=== Supplied records ===
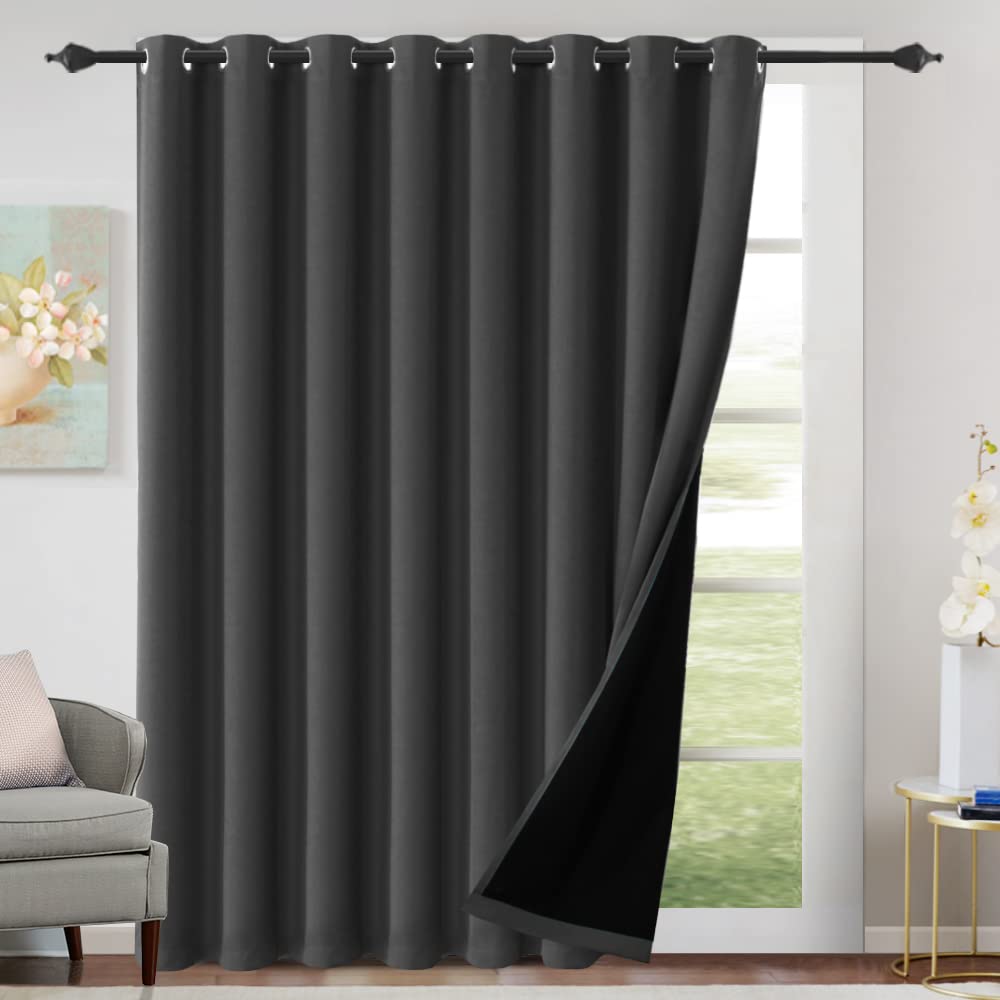 H.VERSAILTEX 100% Blackout Curtains Thermal Insulated Full Blackout Curtains for Living Room Energy Efficiency Window Drapes for Bedroom with Black Liners 1 Panel, 52x63 Inch, Burgundy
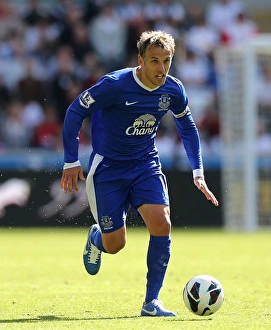 Swansea City 0 V Everton 3 : Liberty Stadium : 22-09-2012 Prints: Phil Neville's Triumphant Moment: Everton's 3-0 Victory over Swansea City (September 22)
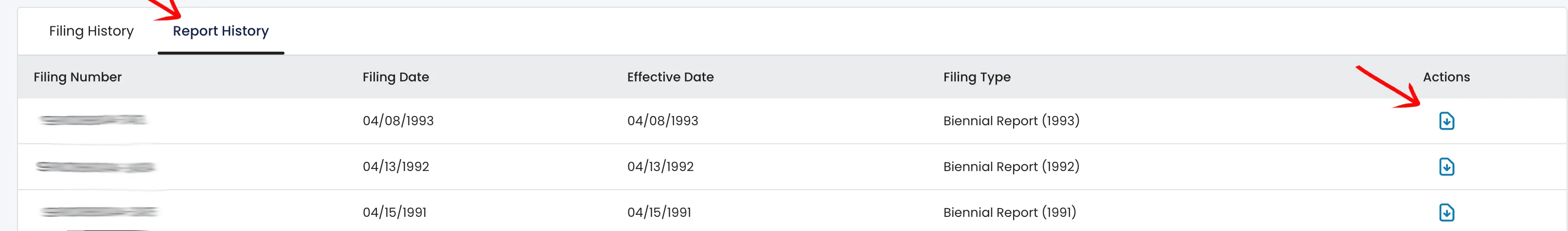 CorpOnline Report History tab displaying historical biennial reports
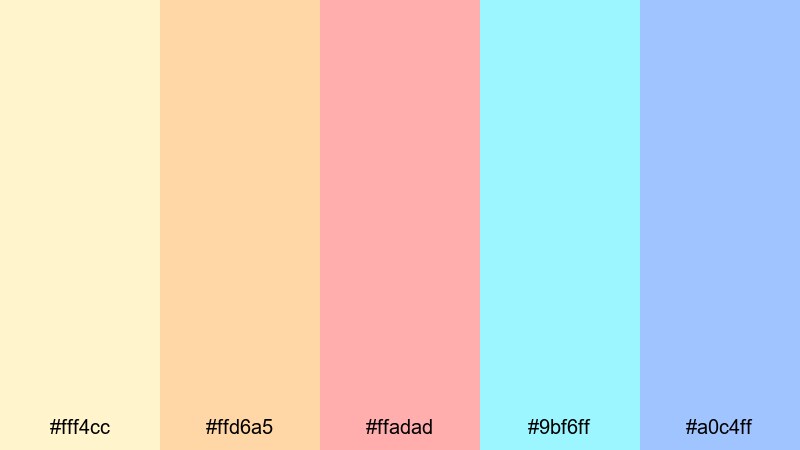 dreamy coast pastels yellow orange blue color palette with hex codes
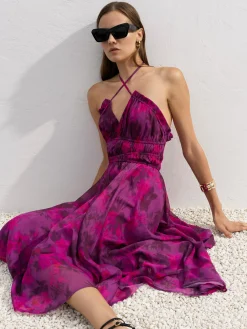 French Connection Party Dresses-Arla Hallie Crinkle Halterneck Dress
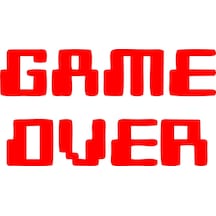 Game Over Araba Sticker 17x17 Cm Kırmızı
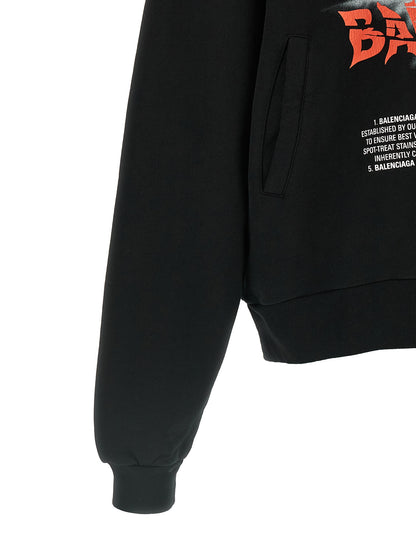 Sweat-shirt Balenciaga en coton noir imprimé The Door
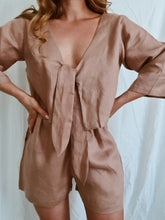 Load image into Gallery viewer, Nude colored linen top, nude linen set, luxury resort wear
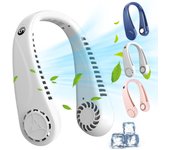 Ventiladores de cuello portátiles Mini ventilador sin aspas con pantalla digital LED de 1200 mAh, ventilador de refrigeración manos libres recargable por USB con 5 velocidades de viento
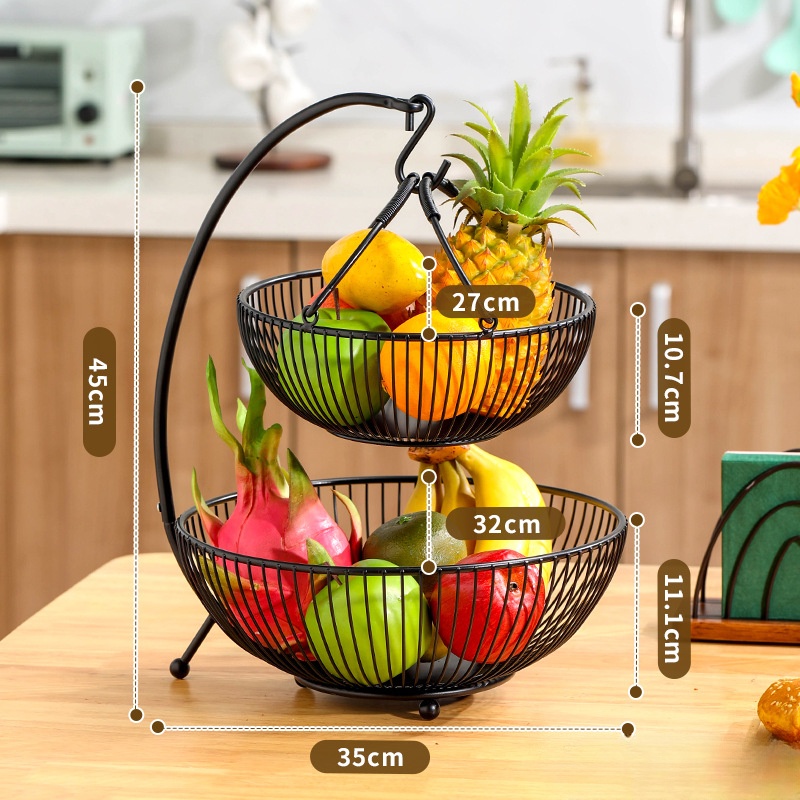 Portable Double Fruit Basket Organizer Wrought Iron Hanging Rack for Bananas Snacks Standing Type Easy Installation Removal
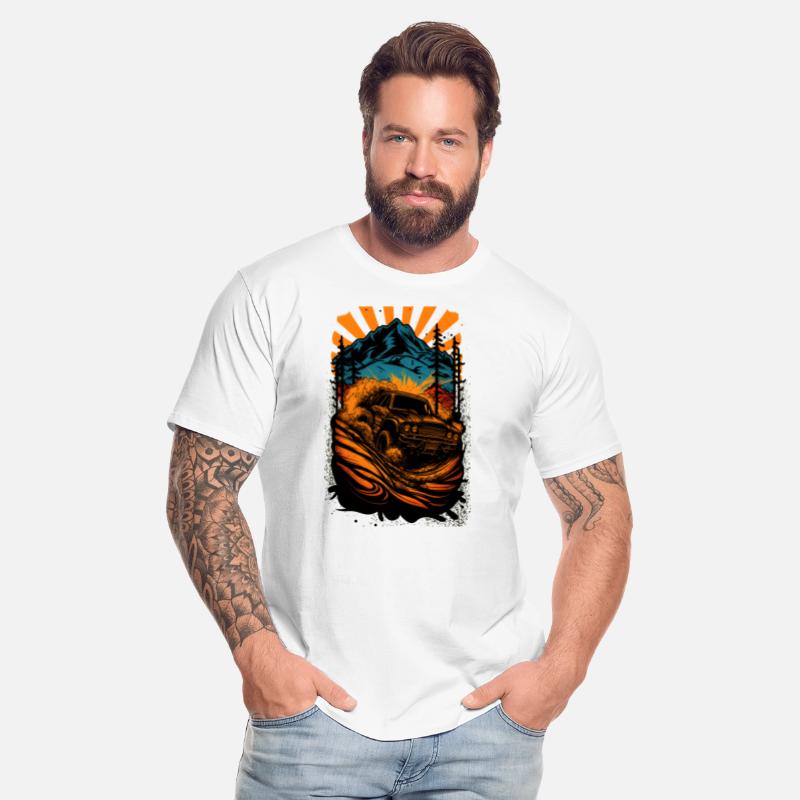 dirt racing car drawing with mountains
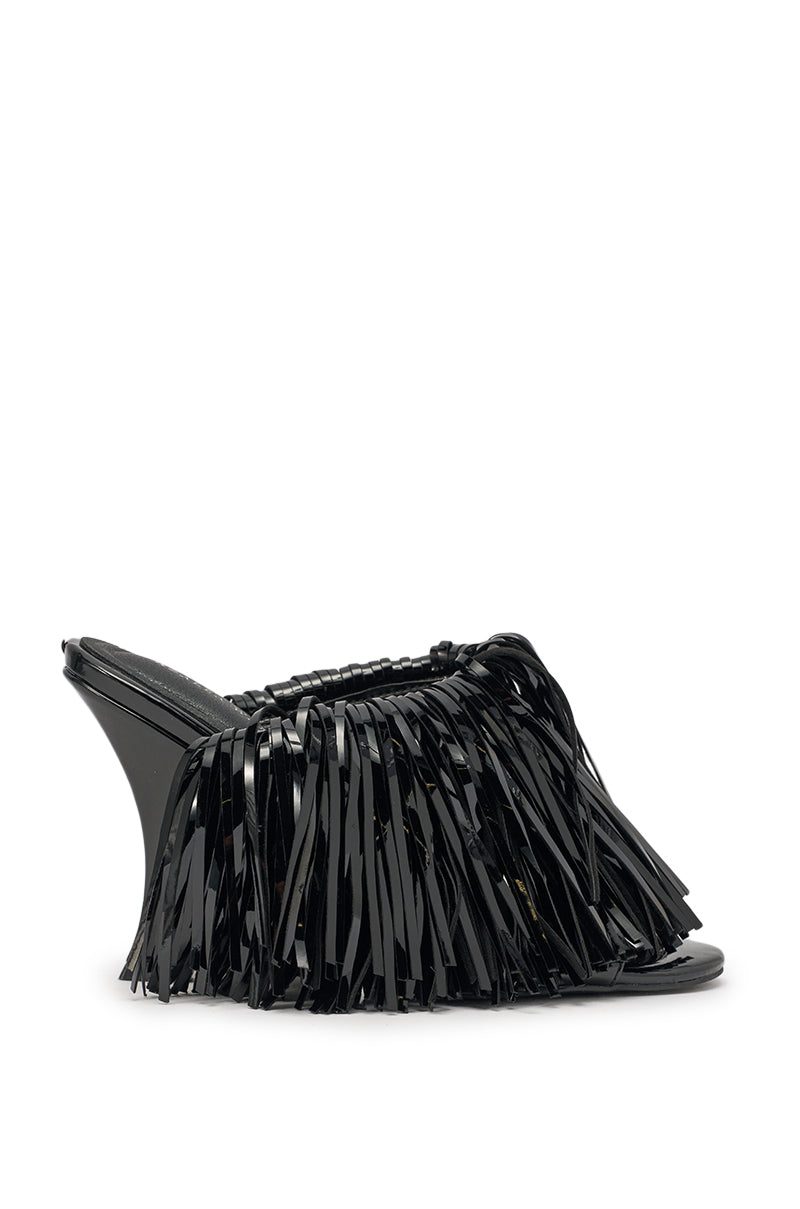 AZALEA WANG VAILYN BLACK FRINGE PU WEDGE SANDAL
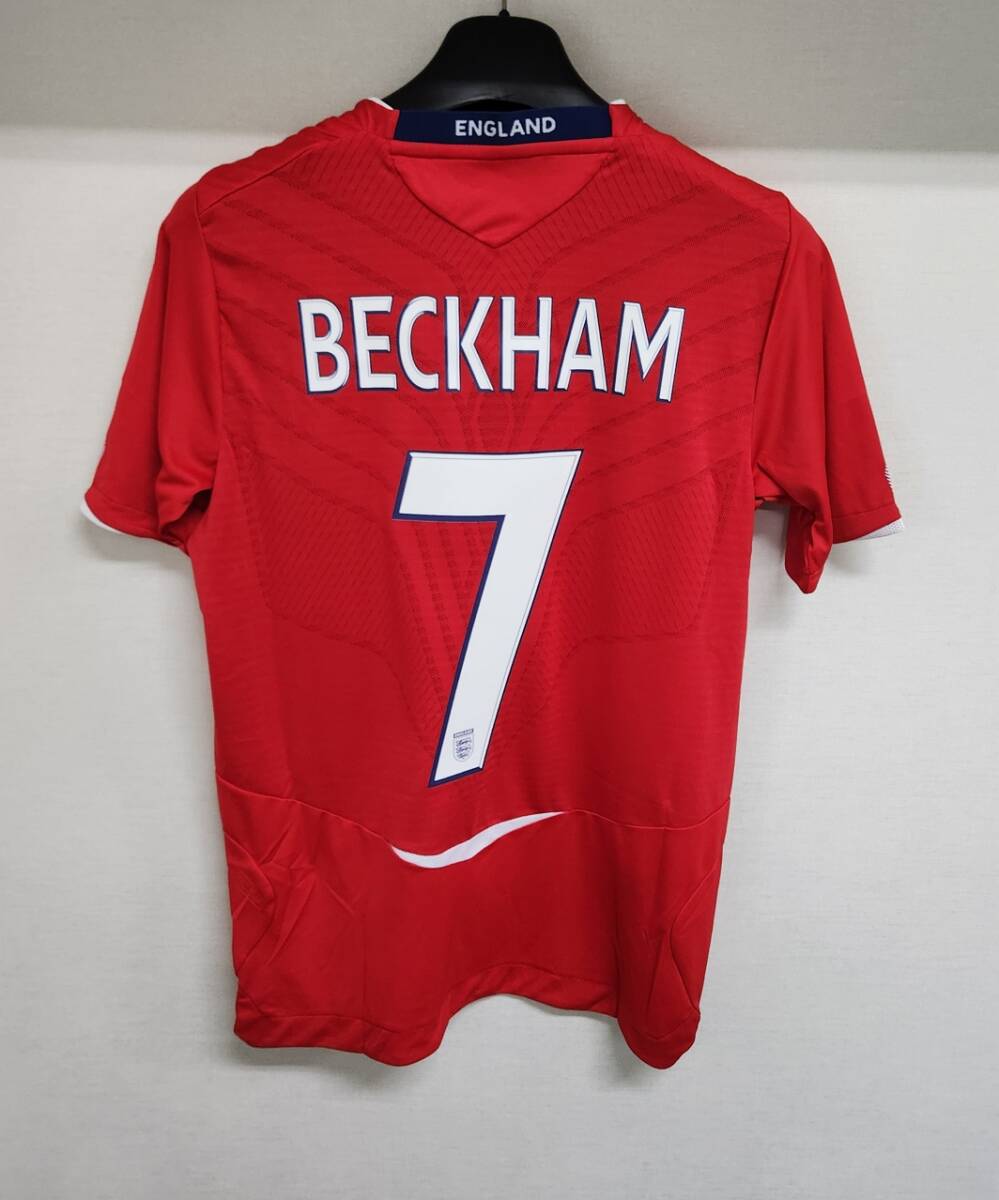 08-09 イングランド England(A)＃7 ベッカム Beckham 半袖 Umbro 100th cap フランス戦仕様 S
===
What you are asked to do:
Give back, exactly as written, the lines from the top of the material through the line with "Load image into", ends included and pictures left aside.

Task result:
 H.VERSAILTEX 100% Blackout Curtains Thermal Insulated Full Blackout Curtains for Living Room Energy Efficiency Window Drapes for Bedroom with Black Liners 1 Panel, 52x63 Inch, Burgundy
 Swansea City 0 V Everton 3 : Liberty Stadium : 22-09-2012 Prints: Phil Neville's Triumphant Moment: Everton's 3-0 Victory over Swansea City (September 22)
 CorpOnline Report History tab displaying historical biennial reports
 dreamy coast pastels yellow orange blue color palette with hex codes
 French Connection Party Dresses-Arla Hallie Crinkle Halterneck Dress
 Game Over Araba Sticker 17x17 Cm Kırmızı
 Sweat-shirt Balenciaga en coton noir imprimé The Door
 Load image into Gallery viewer, Nude colored linen top, nude linen set, luxury resort wear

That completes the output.